Inspired by the famous painting ‘A Sunday afternoon on the island of La Grande Jatte’ by Georges Seurat, and performed by the Royal Scottish Academy of Music and Drama, this classic Sondheim musical premiered at C Venues with limited success. It was unfortunate that due to technical difficulties, the opening night was delayed by 20 minutes, and even as we were admitted to the auditorium, I was unsure whether the opening sequence was Brechtian, or a continuation of the technical disruptions. This caused confusion later in the plot, where the lighting display at an art gallery fails and I was left wondering whether the actors were making slick use of adlib. Perhaps it was these circumstances which affected the energy of the show, as I felt that it was slow at times, and lacking something. It certainly was not an absence of talent, the cast were undoubtedly talented musical theatre performers which shone though in confident solo’s but I felt their strength lay in the ensemble numbers which showcased effortless beautiful harmonies, especially in the title song which was a powerful opening and closing number.

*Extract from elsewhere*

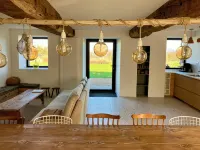 At the edge of the forest, a large gîte for families and friends. Hôtels à : Iffendic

The costume was fitting to the two periods, which was important to distinguish the time jump in the second half, but even with the visual aids, I found it confusing how the actor who played George in 1884, wore a costume very similar to his modern outfit, and also played a character with the same name. It was also a close match to the original painting, and a replica of this dominated the scenery. Selected props were cardboard cutouts, such as the parasols, and even the dogs, which were painted using a similar brushstroke to Seurat. This was a clever aesthetic choice to tie in the actors blocking with the subjects in the painting, and was particularly effective in the still tableau of the aforementioned painting, with the exception of the spare soldier which was intended to be a comic tool, but it didn’t seem to add anything to the show.
The leading lady who played ‘Dot’ stole the show for me, but I was unconvinced by the characterisation of ‘George’ who as the artist ironically lacked depth. A common criticism of Musicals is the lesser acting ability, and sadly this let it down across the board, as it was not as strong but elements of comedy were mastered neatly, and the singing was to a very high standard. I think the company could have been more adventurous with their revival of this show, but it was a confident performance, if a bit dull.